How We Run a Pest Control Door-to-Door Sales Team

One of the most requested videos I get is how we run our sales team here at Pest Badger. So today I want to walk through what a full day actually looks like, from when the reps wake up to when they pull back into the house at night.

I’m Jonas Olson. I’ve been in the service industry for 17 years, and we’ve grown Pest Badger from one location to 19 locations across seven states over the last five years. Door knocking is hard to scale, and I’ve written before about why pest control is easy to start and hard to scale. I use this blog to document how we build and what’s actually working for us right now.

First thing in the morning, our reps wake up between 8 and 9:30. Some of them hit the gym. Some of them just relax. Then we start our morning meeting at 10:30.

That’s actually one of the biggest changes we made this year.
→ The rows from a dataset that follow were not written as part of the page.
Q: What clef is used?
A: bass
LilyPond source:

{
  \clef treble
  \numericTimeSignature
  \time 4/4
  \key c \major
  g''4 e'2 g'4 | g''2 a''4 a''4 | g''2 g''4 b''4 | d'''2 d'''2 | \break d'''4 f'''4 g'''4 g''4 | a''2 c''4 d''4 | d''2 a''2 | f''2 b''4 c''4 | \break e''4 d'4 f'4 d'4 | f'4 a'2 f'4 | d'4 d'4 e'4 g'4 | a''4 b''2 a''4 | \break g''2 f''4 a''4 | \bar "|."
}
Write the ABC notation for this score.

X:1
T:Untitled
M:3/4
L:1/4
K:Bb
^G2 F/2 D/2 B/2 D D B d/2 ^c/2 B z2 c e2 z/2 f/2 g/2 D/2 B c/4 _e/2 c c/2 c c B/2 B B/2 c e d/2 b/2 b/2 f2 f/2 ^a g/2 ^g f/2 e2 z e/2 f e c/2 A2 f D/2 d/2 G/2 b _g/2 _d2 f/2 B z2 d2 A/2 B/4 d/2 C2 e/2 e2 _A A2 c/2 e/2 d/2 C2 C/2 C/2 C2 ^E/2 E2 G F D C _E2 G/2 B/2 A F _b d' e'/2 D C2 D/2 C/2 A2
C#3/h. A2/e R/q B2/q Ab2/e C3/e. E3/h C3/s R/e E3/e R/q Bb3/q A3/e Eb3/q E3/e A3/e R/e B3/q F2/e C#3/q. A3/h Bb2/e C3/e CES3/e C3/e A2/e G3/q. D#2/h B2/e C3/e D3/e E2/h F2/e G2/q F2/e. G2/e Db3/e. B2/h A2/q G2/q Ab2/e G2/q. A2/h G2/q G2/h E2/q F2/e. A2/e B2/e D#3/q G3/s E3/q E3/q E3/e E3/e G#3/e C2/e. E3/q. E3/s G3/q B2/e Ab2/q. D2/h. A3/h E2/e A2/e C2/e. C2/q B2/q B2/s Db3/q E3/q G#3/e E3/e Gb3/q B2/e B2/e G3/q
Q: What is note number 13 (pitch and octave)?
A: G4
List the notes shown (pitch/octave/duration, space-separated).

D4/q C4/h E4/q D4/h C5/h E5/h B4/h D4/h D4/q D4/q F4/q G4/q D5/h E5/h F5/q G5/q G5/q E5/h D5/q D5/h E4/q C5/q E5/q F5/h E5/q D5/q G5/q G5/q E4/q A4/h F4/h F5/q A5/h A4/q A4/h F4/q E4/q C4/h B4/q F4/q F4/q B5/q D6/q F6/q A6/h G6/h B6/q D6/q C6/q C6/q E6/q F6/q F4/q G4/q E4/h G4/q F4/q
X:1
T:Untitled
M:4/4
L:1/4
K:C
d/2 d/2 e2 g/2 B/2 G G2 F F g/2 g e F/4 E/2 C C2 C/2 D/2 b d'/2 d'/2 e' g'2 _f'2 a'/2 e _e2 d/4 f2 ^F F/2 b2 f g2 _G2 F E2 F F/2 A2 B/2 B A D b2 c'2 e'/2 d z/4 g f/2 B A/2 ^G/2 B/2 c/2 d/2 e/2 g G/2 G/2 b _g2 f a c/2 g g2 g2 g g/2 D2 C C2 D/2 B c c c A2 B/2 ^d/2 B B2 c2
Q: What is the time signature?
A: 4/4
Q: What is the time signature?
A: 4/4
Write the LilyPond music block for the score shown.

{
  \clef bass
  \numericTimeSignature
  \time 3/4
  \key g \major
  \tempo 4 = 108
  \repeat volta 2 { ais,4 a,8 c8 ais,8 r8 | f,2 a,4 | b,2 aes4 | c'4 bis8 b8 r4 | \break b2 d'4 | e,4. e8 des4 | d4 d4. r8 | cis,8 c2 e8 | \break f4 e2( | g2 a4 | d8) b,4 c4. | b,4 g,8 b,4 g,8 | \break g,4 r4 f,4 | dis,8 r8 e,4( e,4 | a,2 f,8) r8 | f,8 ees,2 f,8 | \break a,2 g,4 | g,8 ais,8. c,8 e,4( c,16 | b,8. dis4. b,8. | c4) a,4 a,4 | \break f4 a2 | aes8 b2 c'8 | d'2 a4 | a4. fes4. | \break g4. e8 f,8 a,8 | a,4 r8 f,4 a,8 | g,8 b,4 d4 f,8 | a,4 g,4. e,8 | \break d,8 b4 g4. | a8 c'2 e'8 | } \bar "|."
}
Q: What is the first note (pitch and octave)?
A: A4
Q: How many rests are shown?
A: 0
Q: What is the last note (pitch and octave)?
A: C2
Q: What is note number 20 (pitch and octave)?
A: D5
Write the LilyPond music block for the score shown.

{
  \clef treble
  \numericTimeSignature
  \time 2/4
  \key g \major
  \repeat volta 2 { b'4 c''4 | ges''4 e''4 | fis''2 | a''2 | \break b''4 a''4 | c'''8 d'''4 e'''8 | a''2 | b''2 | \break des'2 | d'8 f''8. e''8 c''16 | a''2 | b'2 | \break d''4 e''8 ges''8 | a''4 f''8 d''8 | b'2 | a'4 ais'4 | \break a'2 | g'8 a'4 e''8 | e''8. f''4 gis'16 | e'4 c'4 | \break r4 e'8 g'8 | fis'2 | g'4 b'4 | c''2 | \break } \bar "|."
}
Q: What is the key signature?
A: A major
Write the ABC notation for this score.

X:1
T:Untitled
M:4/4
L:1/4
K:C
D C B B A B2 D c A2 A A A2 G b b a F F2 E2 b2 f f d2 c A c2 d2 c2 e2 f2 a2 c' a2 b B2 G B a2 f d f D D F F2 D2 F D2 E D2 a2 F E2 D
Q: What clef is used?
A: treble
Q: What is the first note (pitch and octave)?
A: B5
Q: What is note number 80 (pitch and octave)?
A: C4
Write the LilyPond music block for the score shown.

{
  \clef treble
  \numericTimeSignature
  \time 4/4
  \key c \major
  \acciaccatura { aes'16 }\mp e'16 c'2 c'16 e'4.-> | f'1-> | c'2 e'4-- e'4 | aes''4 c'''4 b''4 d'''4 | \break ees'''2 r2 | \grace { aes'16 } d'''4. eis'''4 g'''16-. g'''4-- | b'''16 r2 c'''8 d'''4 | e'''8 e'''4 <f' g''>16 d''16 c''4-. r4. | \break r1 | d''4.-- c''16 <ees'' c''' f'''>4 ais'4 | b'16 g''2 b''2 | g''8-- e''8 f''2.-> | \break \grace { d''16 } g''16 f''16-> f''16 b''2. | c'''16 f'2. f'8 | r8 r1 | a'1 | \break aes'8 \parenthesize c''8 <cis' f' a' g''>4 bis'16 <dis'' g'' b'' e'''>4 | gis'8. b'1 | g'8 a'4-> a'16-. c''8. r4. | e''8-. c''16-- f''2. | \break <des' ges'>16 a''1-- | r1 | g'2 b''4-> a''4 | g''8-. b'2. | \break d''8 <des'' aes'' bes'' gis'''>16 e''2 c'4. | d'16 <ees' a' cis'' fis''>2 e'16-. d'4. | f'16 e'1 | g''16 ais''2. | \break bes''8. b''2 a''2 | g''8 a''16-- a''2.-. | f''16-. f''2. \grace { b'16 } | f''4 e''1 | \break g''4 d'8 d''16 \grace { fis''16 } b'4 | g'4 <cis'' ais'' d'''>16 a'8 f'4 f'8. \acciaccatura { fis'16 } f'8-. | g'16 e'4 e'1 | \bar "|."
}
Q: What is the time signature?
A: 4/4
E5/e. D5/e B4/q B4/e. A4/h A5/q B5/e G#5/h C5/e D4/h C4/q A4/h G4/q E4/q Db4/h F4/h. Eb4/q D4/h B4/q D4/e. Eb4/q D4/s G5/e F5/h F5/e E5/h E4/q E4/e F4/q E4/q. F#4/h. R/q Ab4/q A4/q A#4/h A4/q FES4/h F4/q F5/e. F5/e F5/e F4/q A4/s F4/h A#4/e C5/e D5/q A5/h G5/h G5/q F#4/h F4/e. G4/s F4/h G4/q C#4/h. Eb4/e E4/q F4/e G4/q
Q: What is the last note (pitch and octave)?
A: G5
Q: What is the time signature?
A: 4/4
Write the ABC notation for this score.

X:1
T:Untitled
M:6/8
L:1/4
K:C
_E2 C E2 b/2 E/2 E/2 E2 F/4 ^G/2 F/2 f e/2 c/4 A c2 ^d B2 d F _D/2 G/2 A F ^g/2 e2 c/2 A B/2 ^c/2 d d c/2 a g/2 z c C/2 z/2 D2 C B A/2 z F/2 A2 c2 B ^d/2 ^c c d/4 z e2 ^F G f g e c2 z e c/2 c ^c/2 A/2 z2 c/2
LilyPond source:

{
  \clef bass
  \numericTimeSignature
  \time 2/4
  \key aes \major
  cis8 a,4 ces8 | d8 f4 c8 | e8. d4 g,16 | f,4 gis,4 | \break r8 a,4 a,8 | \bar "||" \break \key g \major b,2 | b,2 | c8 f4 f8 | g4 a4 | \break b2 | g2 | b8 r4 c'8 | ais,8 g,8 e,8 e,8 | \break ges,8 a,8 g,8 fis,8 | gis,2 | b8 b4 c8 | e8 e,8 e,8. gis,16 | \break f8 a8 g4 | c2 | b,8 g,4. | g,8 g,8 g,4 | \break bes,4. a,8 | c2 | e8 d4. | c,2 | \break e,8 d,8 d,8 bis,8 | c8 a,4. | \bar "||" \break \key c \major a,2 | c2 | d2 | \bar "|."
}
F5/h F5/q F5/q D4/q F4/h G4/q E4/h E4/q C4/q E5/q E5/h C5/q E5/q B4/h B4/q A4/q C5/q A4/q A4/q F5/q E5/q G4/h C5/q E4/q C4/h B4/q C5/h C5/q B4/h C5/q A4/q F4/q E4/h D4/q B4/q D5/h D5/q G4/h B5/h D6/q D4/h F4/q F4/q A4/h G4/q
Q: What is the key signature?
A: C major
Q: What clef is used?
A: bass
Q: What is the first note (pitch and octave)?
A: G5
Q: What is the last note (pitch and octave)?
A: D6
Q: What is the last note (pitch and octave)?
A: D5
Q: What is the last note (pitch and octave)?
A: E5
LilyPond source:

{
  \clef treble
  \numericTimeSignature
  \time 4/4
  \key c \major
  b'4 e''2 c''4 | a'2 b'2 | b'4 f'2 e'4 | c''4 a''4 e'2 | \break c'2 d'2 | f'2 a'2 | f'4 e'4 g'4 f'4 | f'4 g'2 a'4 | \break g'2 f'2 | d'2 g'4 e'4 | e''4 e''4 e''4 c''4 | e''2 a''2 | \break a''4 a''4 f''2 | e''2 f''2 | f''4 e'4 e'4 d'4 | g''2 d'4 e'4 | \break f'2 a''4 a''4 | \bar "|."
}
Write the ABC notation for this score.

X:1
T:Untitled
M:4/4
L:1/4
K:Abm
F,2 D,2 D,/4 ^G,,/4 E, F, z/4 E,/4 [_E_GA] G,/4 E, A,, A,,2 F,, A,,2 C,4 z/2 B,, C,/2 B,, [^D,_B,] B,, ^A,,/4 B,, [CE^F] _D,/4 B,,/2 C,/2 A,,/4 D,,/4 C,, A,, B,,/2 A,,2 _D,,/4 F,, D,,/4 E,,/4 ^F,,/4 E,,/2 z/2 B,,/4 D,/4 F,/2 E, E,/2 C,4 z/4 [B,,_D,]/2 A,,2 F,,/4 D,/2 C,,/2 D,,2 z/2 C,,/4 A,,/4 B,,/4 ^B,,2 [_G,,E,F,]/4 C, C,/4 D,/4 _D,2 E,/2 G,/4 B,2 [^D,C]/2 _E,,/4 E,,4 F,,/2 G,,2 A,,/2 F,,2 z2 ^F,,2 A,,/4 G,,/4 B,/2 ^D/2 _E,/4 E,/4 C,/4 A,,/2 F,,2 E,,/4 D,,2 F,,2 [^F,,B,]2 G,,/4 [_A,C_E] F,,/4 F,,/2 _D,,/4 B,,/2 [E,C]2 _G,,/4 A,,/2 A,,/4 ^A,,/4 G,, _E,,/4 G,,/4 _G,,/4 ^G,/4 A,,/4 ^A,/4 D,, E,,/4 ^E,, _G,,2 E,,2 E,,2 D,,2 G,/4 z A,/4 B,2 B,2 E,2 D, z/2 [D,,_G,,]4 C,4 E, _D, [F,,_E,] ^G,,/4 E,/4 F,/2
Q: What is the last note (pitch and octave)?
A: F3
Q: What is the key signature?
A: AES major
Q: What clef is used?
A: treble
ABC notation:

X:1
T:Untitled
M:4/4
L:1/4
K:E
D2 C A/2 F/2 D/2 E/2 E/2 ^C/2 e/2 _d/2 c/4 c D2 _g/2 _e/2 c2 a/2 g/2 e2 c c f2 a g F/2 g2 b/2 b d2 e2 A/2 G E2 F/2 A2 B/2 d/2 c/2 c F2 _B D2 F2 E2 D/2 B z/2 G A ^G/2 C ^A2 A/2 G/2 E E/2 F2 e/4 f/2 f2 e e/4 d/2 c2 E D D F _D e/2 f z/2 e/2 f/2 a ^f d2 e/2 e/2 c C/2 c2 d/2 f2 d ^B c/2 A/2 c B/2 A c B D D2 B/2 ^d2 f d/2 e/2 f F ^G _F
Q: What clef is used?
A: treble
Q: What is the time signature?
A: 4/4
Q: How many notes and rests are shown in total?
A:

Last year we used to start the day at 9:30, meet until 10:30, get on the doors by 11, knock from 11 to 3, and then break for lunch. The problem was that when the reps actually took that lunch, they got stagnant after it. And the early afternoon is one of the best knocking windows of the day. We were losing momentum every single day.

So we pushed everything back. Morning meeting at 10:30, runs to 11:30. On the doors at noon. And then we knock straight through until 9 PM with no real break.

The other thing this gave us was more time in the morning for the reps to live their lives. Some of them want to wake up early and golf. Some want to lift. Some just want to ease into the day. That morning space matters because sales is an individual game but it runs on team energy. The more the guys hang out outside of work, the more momentum carries over to the doors.

Twice-a-Week National Sales Calls

Twice a week, we get every branch on the same Zoom. Tuesdays and Fridays at 9:30 central, right before the local morning meeting kicks off at 10:30.

The call runs 30 to 45 minutes. The managers share what they’re seeing across their branches, the biggest things reps are struggling with that week, and we share some wins. It does a few things at once. The reps get faces to names across branches. They get extra training reps in. And it puts them in front of managers who aren’t their own.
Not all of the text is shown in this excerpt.